Network Access: You cannot access the internet from a custom code evaluator.

Custom code evaluators must be written inline. We recommend testing locally before setting up your custom code evaluator in LangSmith. In the UI, you will see a panel that lets you write your code inline, with some starter code:

Custom code evaluators take in one argument:

A Run (reference). This represents the sampled run to evaluate.

They return a single value:

Feedback(s) Dictionary: A dictionary whose keys are the type of feedback you want to return, and values are the score you will give for that feedback key. For example, {"correctness": 1, "silliness": 0} would create two types of feedback on the run, one saying it is correct, and the other saying it is not silly.

In the below screenshot, you can see an example of a simple function that validates that each run in the experiment has a known json field:

import json

def perform_eval(run):
  output_to_validate = run['outputs']
  is_valid_json = 0

  # assert you can serialize/deserialize as json
  try:
    json.loads(json.dumps(output_to_validate))
  except Exception as e:
    return { "formatted": False }

  # assert output facts exist
  if "facts" not in output_to_validate:
    return { "formatted": False }

  # assert required fields exist
  if "years_mentioned" not in output_to_validate["facts"]:
    return { "formatted": False }

  return {"formatted": True}

Test and save your evaluation function

Before saving, you can test your evaluator function on a recent run by clicking Test Code to make sure that your code executes properly. Once you Save, your online evaluator will run over newly sampled runs (or backfilled ones too if you chose the backfill option). If you prefer a video tutorial, check out the Online Evaluations video from the Introduction to LangSmith Course.

Video guide

Configure multi-turn online evaluators

Multi-turn online evaluators allow you to evaluate entire conversations between a human and an agent — not just individual exchanges. They measure end-to-end interaction quality across all turns in a thread. You can use multi-turn evaluations to measure:

Semantic Intent: What the user was trying to do.
Semantic Outcome: What actually happened, did the task succeed.
Trajectory: How the conversation unfolded, including trajectory of tool calls.

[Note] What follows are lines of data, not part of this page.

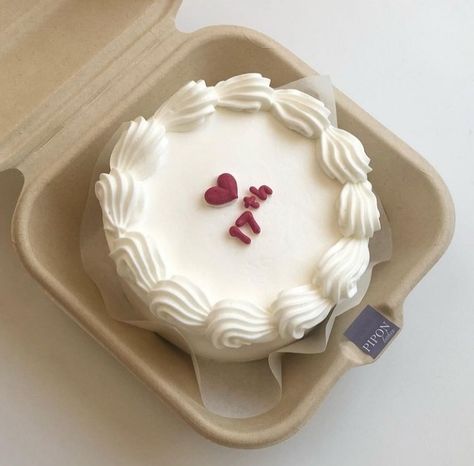 white cake with 17 written on it in a box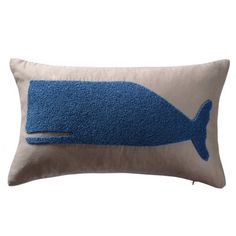 a pillow with a blue whale on it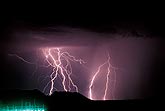 A tangle of lightning bolts dwarfs a power relay station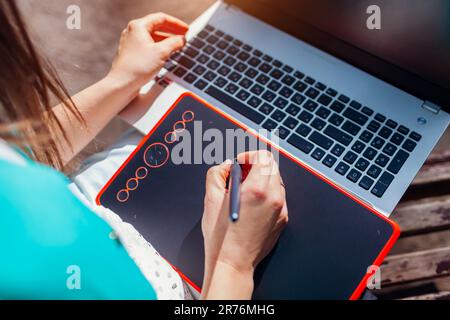 Frau, die im Freien mit Notebook und Tablet arbeitet. Grafikdesigner, die online arbeiten. Der Lehrer verwendet moderne Technologien und Geräte. Draufsicht Stockfoto
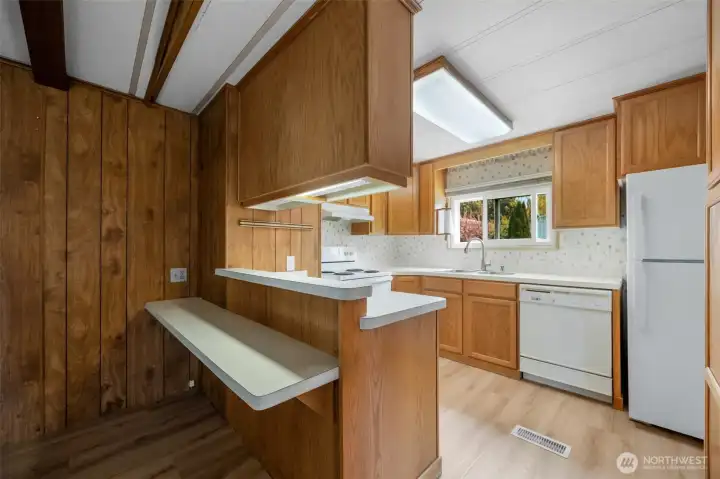 Kitchen with eating bar, forced air electric heat. Kitchen with eating bar, forced air electric heat.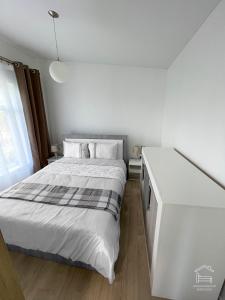 a bedroom with a white bed and a white dresser at Apartamentai Biržuose, Cozy Modern Bungalows in Biržai
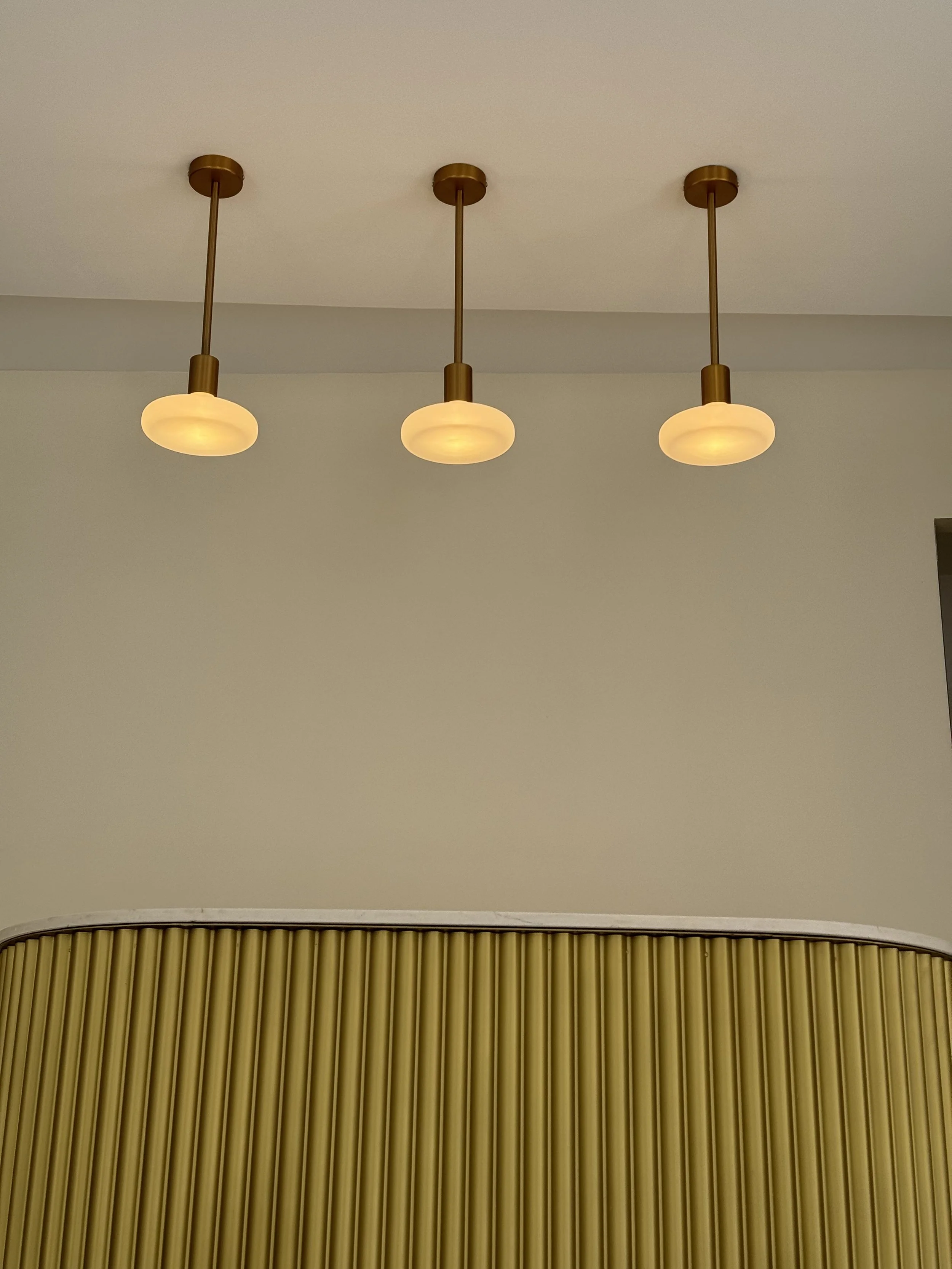 Trois suspensions lumineuses modernes accrochées au plafond au-dessus d'une cloison ondulée de couleur beige.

Running multi-turn online evals will auto-upgrade each trace within a thread to extended data retention. This upgrade will impact trace pricing, but ensures that traces meeting your evaluation criteria (typically those most valuable for analysis) are preserved for investigation.

Prerequisites

Your tracing project must be using threads.
The top-level inputs and outputs of each trace in a thread must have a messages key that contains a list of messages. We support messages in LangChain, OpenAI Chat Completions, and Anthropic Messages formats.
- If the top-level inputs and outputs of each trace only contain the latest message in the conversation, LangSmith will automatically combine messages across turns into a thread.
- If the top-level inputs and outputs of each trace contain the full conversation history, LangSmith will use that directly.

If your traces don’t follow the format above, thread level evaluators won’t work. You’ll need to update how you trace to LangSmith to ensure each trace’s top-level inputs and outputs contain a list of messages.Please refer to the troubleshooting section for more information.

Configuration

Navigate to the Tracing Projects tab and select a tracing project.
Click + New in the top right corner of the tracing project page > New Evaluator > Evaluate a multi-turn thread.
Name your evaluator.
Apply filters or a sampling rate.
Use filters or sampling to control evaluator cost. For example, evaluate only threads under N turns or sample 10% of all threads.
Configure an idle time.
The first time you configure a thread level evaluator, you’ll define the idle time — the amount of time after the last trace in a thread before it’s considered complete and ready for evaluation. This value should reflect the expected length of user interactions in your app. It applies across all evaluators in the project.

When first testing your evaluator, use a short idle time so you can see results quickly. Once validated, increase it to match the expected length of user interactions.

Configure your model.
Select the provider and model you want to use for your evaluator. Threads tend to get long, so you should use a model with a higher context window in order to avoid running into limits. For example, OpenAI’s GPT-4.1 mini or Gemini 2.5 Flash are good options as they both have 1M+ token context windows.
Configure your LLM-as-a-judge prompt.
Define what you want to evaluate. This prompt will be used to evaluate the thread. You can also configure which parts of the messages list are passed to the evaluator to control the content it receives:
- All messages: Send the full message list.
- Human and AI pairs: Send only user and assistant messages (excluding system messages, tool calls, etc.).
- First human and last AI: Send only the first user message and the last assistant reply.
Set up your feedback configuration.
Configure a name for the feedback key, the format for the feedback you want to collect and optionally enable reasoning on the feedback.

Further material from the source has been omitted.